Hij hoorde meteen hoe idioot zijn vraag klonk. "We zijn natuurlijk
in shock", zei ze snel. "Je kunt je toch niet voorstellen dat
zoiets hier kan gebeuren. Ik bedoel, dit is Oslo-West, het chique
deel van de stad. Ik heb gisteren nog met Siv Ellen gesproken, voor
ze naar de Opera ging. Toen was alles in orde. Ik was bezig mijn
auto in te pakken, ik zou het weekend naar mijn ouders in Hamar. Is
ze ook verkracht?" De vraag bleef in de lucht hangen.
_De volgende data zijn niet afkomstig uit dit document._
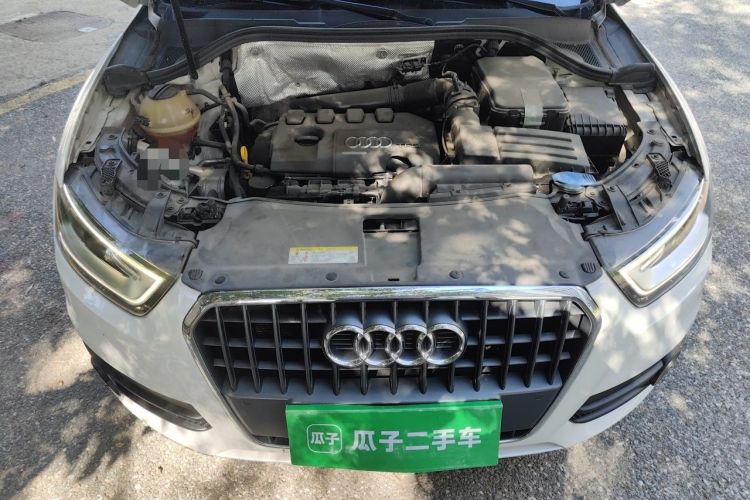 Used Audi Q3 2015 35 TFSI Comfort Model Engine Bay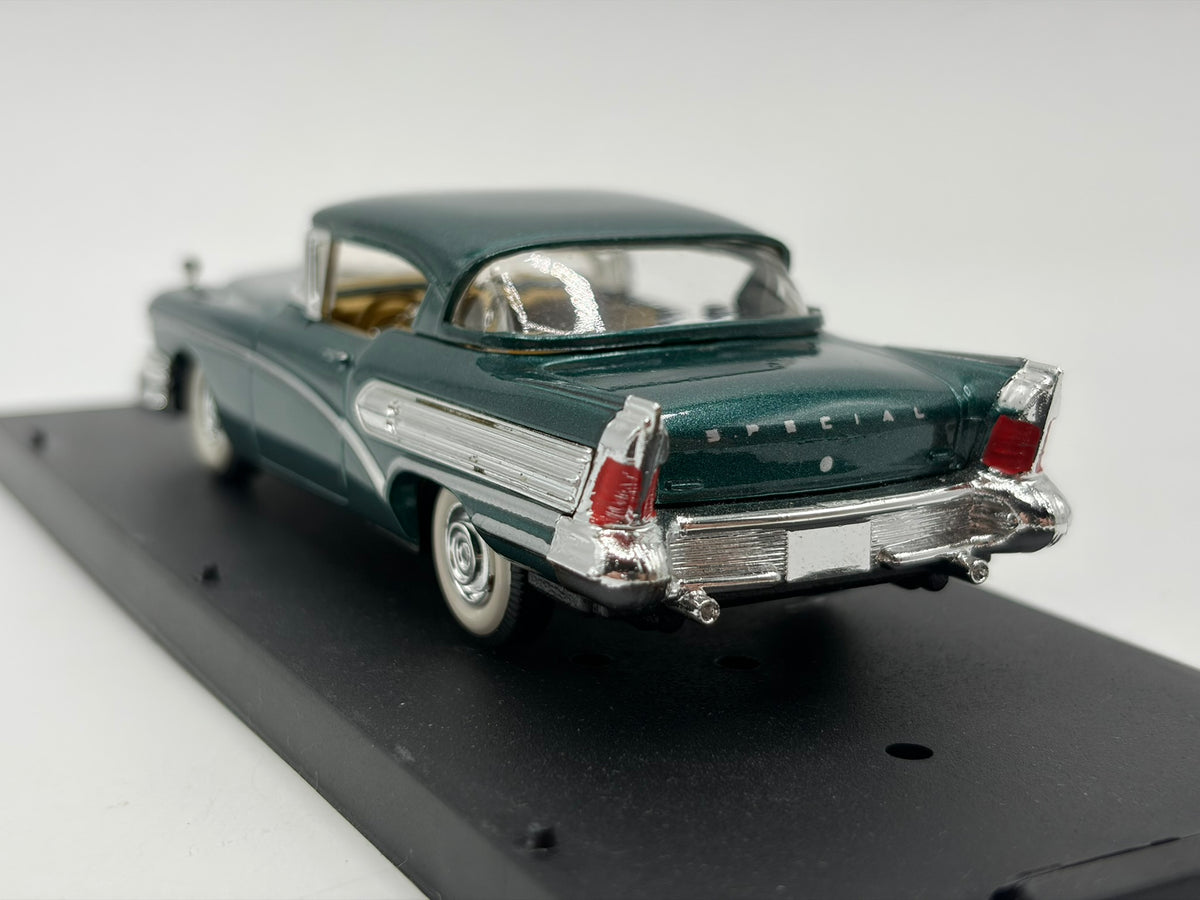 1/43 1958 Buick Roadmaster 2-Door - Vitesse | Model Car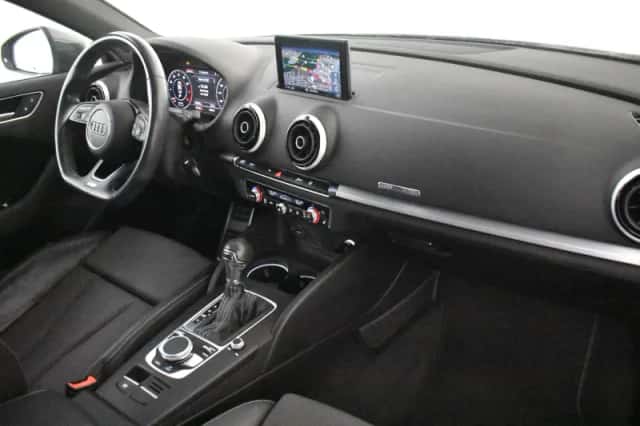 Audi A3 (2017) thumbnail 6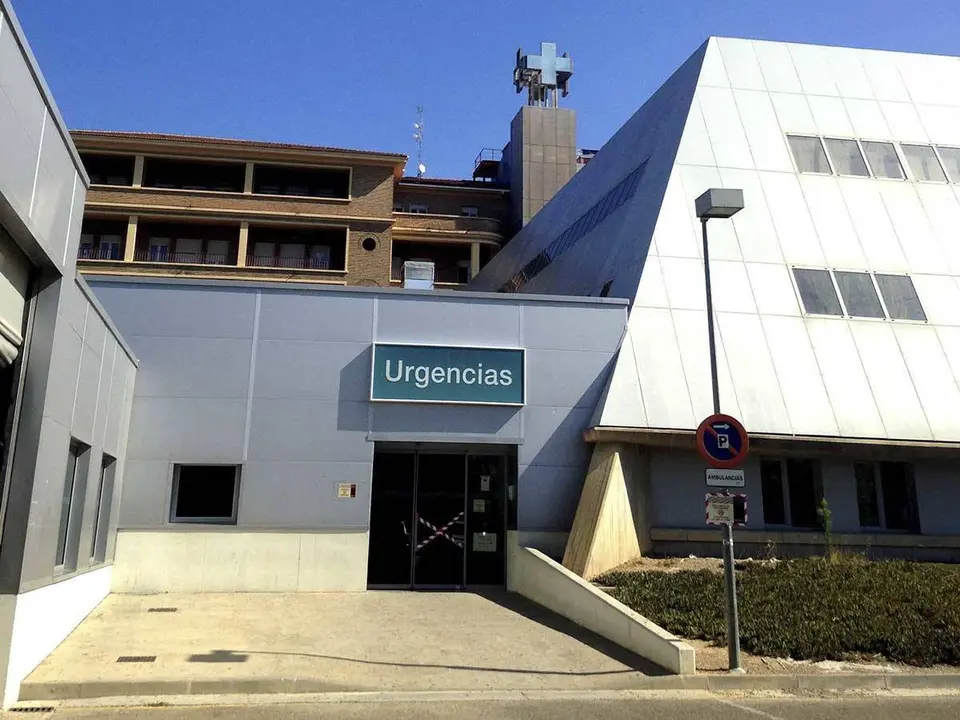 Fachada de urgencias del Royo Villanova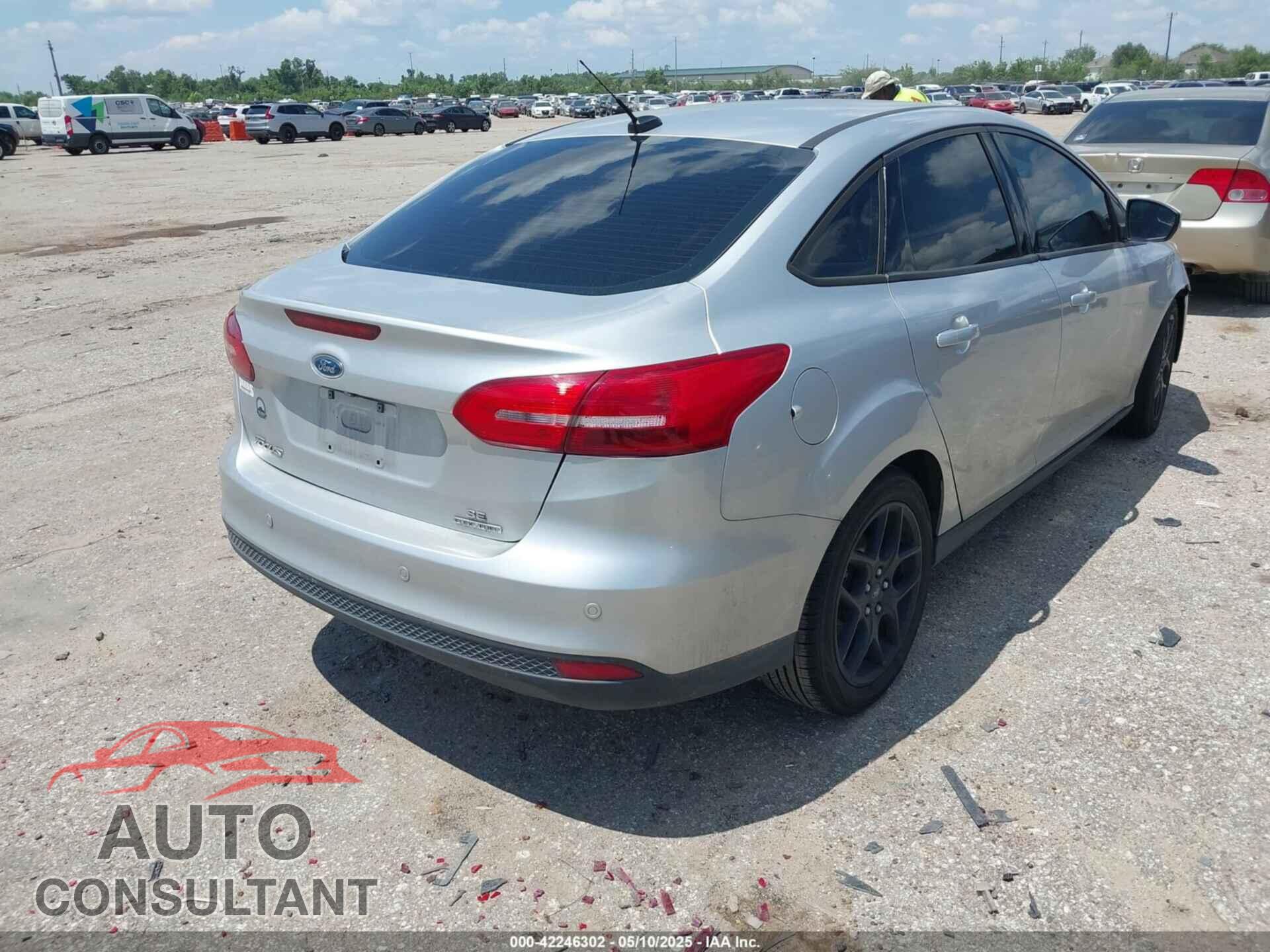 FORD FOCUS 2016 - 1FADP3F22GL298976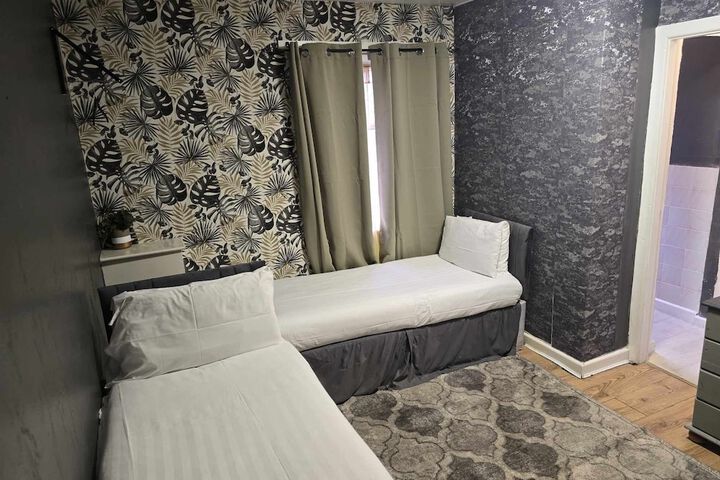 Room 14 of 48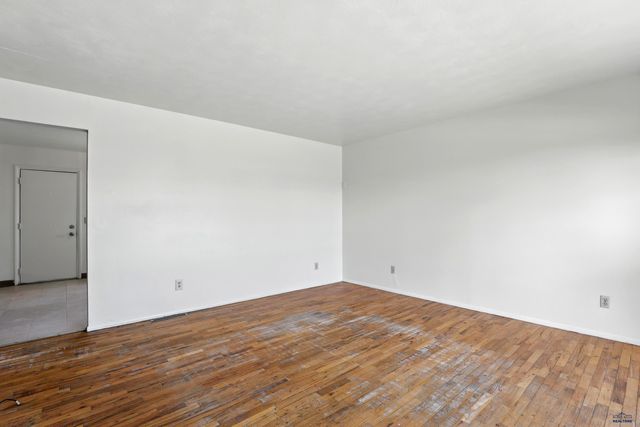 1111 E ST FRANCIS, Rapid City, SD 57701
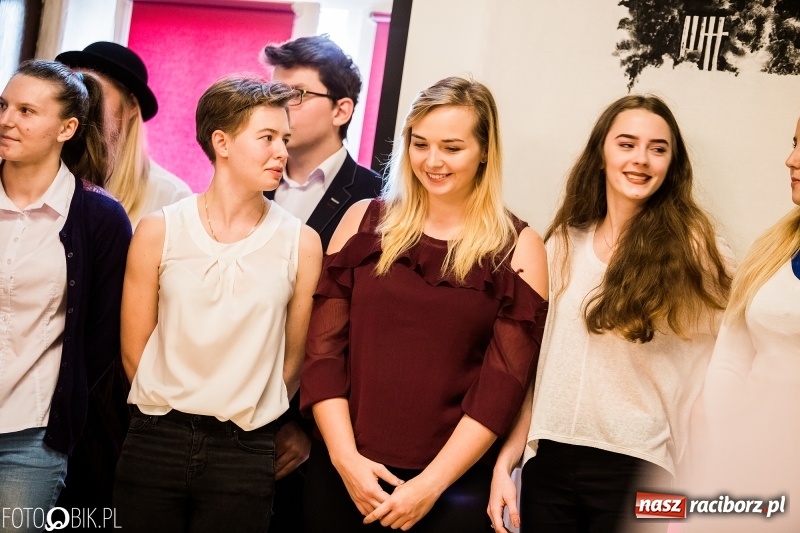 Zdjęcie w galerii na portalu naszraciborz.pl: Życzenia i podziękowania, czyli Dzień Edukacji Narodowej w ZSO nr 1 wiadomości z regionu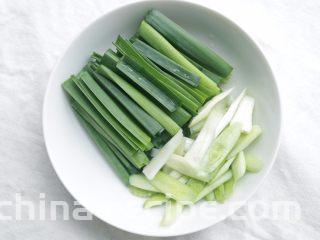 川味回锅肉,蒜洗净，蒜白斜刀切，蒜青直刀切；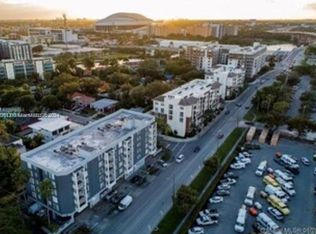 1010 NW 11th St APT 509, Miami, FL 33136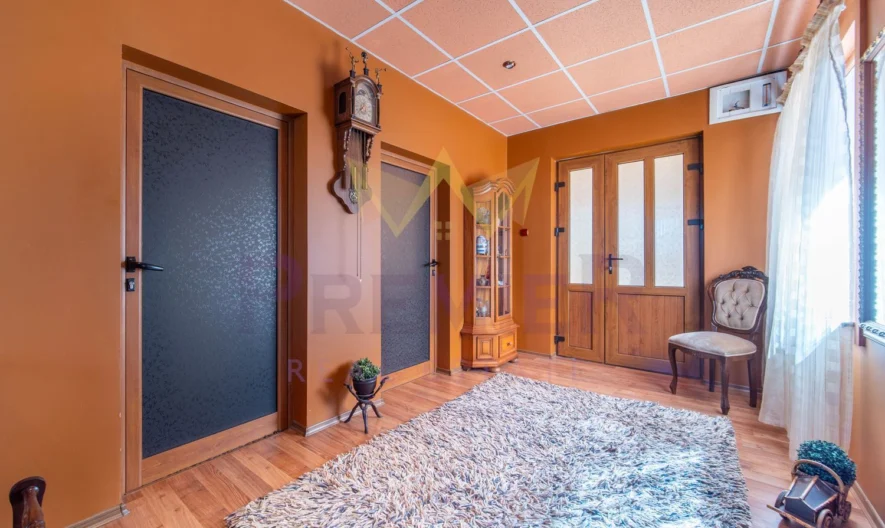 Имноти Премиер Ви  представяме уникален имот – къща в рустикален стил, разположена в град Девня. -  - снимка 30 - Имоти Премиер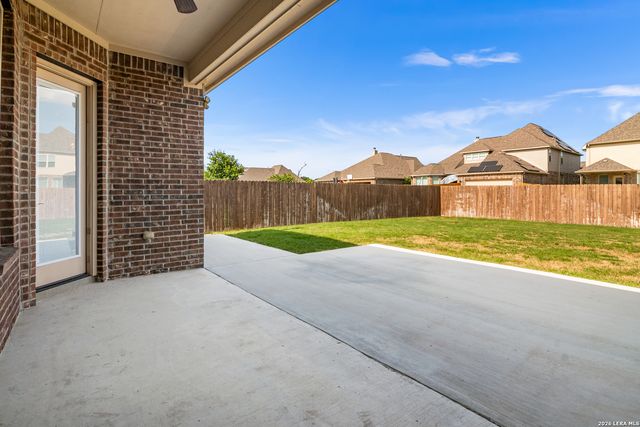221 ASPEN DR, Boerne, TX 78006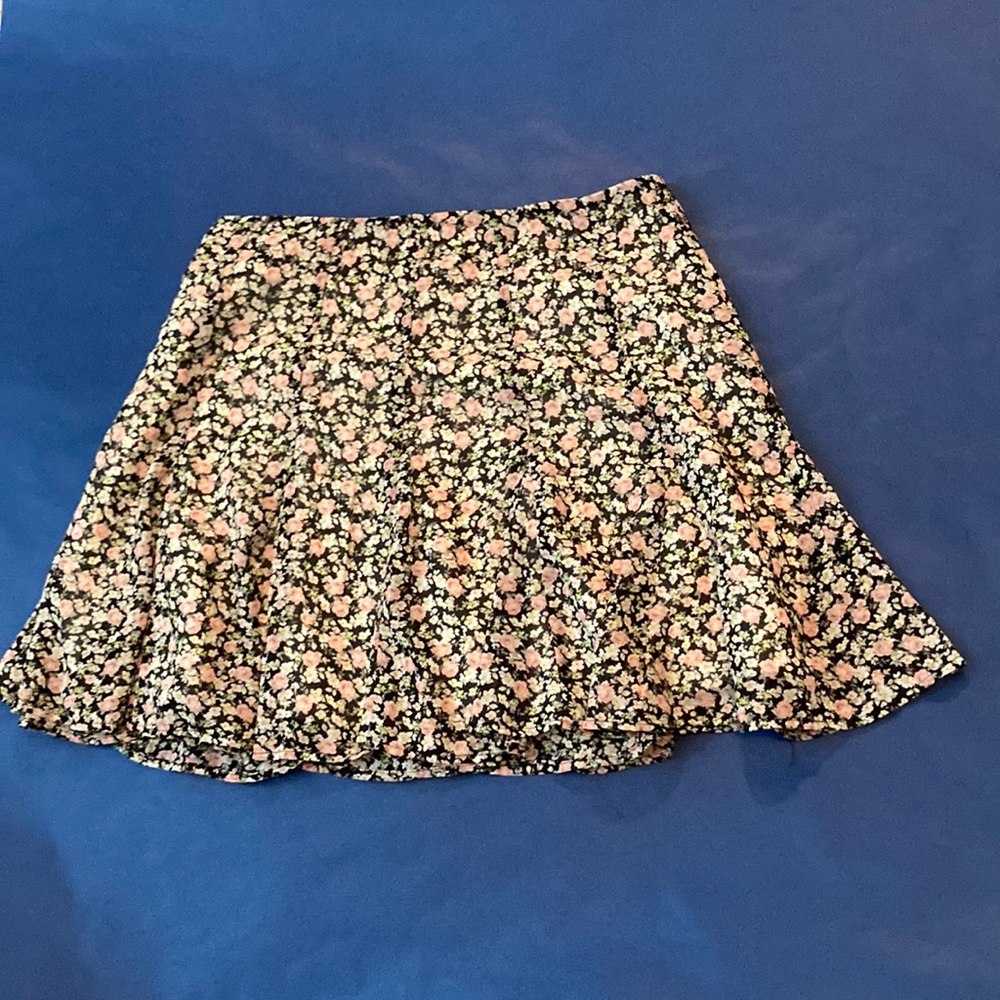• Flower-print skirt •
Maiken hield
haar handen voor haar mond, en Jeanette Myren besefte wat ze had
gezegd. "Neem me niet kwalijk", zei ze, "ik dacht alleen..."
"We kunnen op dit moment nog geen antwoord geven op jullie vragen",
zei Randi Johansen rustig. "Gewoon omdat we zelf nog niets weten.
Daarom zijn we hier, om jullie om hulp te vragen. Misschien weten
jullie iets. Details, dingen die ze heeft gezegd, enzovoorts.
Dingen waarvan je zelf denkt dat ze niet belangrijk zullen zijn. "
Jeanette Myren keek naar Maiken Blad, toen schudde ze beslist het
hoofd. Randi Johansen keek haar ernstig aan. "Als je dit weekend
naar je ouders zou gaan, waarom ben je dan nu al terug?" Jeanette
Myren slikte even, toen schudde ze het hoofd. "Mijn moeder en ik",
zei ze snel. "We hebben ruziegemaakt, daarom ging ik terug."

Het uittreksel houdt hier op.